Nesta edição Fashion Label Brasil apoiará 24 marcas: Água de Coco, Catarina Mina, Cecilia Prado, Cristina Sabatini, Despi, Dress To, Gapaz, La Sirene, Lavish, Lis Fiaschi, Lenny Niemeyer, Maria Sanz, Melissa, Nau Bikinis, Parioca, Patbo, Serpui, Sinesia Karol, Sophia Hegg, Triya, Vix, WaiWai, Yukio e Zoew.
Swimshow
“A Miami SwimShow é um dos eventos mais relevantes do calendário da moda praia, reunindo empresas, jornalistas e compradores internacionais. Estaremos presentes com uma seleção de produtos de qualidade, contribuindo para reforçar a presença da moda praia brasileira no mercado global.”,comenta Lilian Kaddissi, Superintendente de Marketing e Negócios da Abit.

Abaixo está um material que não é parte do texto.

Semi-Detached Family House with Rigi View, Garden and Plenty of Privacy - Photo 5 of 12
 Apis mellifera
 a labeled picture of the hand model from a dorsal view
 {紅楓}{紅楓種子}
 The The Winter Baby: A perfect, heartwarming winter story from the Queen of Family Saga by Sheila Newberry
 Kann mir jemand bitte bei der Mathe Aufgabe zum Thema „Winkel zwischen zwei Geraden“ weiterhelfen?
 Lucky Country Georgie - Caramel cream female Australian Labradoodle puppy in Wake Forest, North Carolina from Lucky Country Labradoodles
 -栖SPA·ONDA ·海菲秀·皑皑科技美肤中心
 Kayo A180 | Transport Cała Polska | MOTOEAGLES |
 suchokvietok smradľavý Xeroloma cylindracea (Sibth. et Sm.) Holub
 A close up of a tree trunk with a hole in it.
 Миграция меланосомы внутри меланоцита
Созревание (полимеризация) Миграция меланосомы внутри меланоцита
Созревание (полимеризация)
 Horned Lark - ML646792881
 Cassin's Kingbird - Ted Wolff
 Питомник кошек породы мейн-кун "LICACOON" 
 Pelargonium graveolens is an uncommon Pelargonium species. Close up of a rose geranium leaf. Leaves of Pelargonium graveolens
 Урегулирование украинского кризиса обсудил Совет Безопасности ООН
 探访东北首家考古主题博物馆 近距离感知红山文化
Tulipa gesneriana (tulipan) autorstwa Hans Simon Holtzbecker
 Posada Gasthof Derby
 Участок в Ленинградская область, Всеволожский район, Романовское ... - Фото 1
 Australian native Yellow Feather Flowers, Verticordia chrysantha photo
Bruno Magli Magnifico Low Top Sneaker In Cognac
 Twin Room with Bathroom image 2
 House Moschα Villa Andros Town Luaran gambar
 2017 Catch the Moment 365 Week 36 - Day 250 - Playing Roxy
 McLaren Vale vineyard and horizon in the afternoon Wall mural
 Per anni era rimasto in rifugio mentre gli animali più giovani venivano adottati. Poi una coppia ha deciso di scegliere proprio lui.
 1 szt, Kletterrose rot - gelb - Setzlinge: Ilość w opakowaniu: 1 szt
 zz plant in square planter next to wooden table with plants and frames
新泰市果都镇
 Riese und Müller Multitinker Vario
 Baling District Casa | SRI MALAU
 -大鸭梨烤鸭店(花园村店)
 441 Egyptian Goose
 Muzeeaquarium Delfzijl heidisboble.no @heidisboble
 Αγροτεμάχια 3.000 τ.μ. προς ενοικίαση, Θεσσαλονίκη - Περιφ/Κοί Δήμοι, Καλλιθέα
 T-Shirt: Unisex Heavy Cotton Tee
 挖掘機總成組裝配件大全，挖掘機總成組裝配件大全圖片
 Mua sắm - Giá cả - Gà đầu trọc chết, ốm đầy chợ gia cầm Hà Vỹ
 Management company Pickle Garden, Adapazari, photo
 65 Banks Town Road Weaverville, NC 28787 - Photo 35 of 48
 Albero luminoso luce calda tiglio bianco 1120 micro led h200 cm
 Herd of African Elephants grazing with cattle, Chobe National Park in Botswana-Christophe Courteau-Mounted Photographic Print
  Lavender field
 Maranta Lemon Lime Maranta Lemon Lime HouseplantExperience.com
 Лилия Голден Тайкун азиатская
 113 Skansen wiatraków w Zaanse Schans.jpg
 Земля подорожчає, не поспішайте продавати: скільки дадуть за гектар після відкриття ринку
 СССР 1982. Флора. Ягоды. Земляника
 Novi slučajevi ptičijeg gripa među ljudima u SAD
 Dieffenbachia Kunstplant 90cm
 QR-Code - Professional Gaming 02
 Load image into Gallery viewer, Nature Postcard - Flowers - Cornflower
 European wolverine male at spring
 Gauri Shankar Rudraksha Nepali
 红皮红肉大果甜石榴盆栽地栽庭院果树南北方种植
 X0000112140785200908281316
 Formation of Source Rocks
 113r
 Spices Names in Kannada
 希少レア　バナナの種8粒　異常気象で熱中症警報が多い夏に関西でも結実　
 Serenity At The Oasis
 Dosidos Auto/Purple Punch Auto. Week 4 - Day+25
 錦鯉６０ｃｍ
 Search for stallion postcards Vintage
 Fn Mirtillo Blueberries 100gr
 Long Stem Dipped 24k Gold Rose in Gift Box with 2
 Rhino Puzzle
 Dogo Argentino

As marcas brasileiras carregam DNA brasileiro mas os estilos são diversos. A Yukio, por exemplo, inspira uma moda mais intensa e glam, com estampas animais e brilhos. A Catarina Mina traz uma informação mais solar e rústica, com peças feitas à mão em tricot. O lifestyle inspirado por La Siréne tem um certo gosto europeu de resortwear, com modelagem e recortes marcantes em biquínis, bodies e vestidos. Parioca é a pura alma fashion do carioca easy-chic, confortável e alegre. Cada marca conta uma história e apresenta sua proposta.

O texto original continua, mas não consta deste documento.